We have learned that we are not disturbed by things, but merely by our opinions of them. In the ninth paragraph of the Enchiridion, Epictetus elaborates on this. He states that physical discomforts cannot hurt us, unless we choose to let them hurt us:

Disease is an impediment to the body, but not to the power of choice, unless it chooses so itself. Lameness is an impediment to the leg, but not to the power of choice. And say this to everything that happens to you: for you will find that anything is an impediment to something else, but not to you.

Essentially, Epictetus argues that external disturbances can’t reach us if we deny them access. Disease, pain and afflictions can be kept out, if we choose so. They are like a foreign army standing outside the city walls. The only way to let them in, is by opening the gates. But if we choose to close the gates, they cannot enter.

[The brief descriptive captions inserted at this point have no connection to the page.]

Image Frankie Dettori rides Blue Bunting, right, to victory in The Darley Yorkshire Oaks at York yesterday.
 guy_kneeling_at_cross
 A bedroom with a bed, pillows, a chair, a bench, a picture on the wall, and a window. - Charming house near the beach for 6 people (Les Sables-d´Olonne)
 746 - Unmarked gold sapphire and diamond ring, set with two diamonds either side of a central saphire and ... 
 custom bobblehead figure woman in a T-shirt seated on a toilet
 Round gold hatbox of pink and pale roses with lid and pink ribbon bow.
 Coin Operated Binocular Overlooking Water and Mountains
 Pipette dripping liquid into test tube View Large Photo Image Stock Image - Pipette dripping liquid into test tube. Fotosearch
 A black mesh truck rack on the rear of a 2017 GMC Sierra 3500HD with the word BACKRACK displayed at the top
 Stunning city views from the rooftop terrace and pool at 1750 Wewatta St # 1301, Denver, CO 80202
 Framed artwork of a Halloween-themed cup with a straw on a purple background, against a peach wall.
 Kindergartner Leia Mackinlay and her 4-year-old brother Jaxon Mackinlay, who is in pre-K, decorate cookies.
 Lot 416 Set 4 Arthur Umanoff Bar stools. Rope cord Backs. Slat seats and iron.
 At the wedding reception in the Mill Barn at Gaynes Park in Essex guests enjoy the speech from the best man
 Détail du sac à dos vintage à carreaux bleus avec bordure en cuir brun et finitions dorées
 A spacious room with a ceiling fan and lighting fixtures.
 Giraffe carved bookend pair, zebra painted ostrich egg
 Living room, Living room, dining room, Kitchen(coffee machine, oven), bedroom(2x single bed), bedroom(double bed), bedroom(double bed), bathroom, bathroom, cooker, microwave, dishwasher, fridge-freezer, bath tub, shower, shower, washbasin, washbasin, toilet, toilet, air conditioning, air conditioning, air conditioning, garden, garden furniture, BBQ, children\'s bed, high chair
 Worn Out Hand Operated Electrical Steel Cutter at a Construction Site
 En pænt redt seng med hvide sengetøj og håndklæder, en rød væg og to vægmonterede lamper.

Yet you may ask: is it not a hindrance that my body is hurt by disease? Or that my leg is suffering lameness? While asking this, remember that our body is not ours: we don’t control it. Our shape is not our identity. It is not physical comfort that we are after, but mental tranquility.

And it is our own power of choice that governs this tranquility. The entire paragraph can be summarized in one concept, that a central concept to stoicism in general and to Epictetus specifically. This is ‘prohairesis’ (προαίρεσις), which I have translated here as ‘power of choice’. It is the human capacity to deal with appearances or impressions (phantasiai; φαντασίαι). It is, indeed, our capability to give or withold assent to external circumstances. We can either let the army march in the city, or stop it at the gates. We can let disease and pain ravage and destroy our inner peace, or we can choose to keep it out.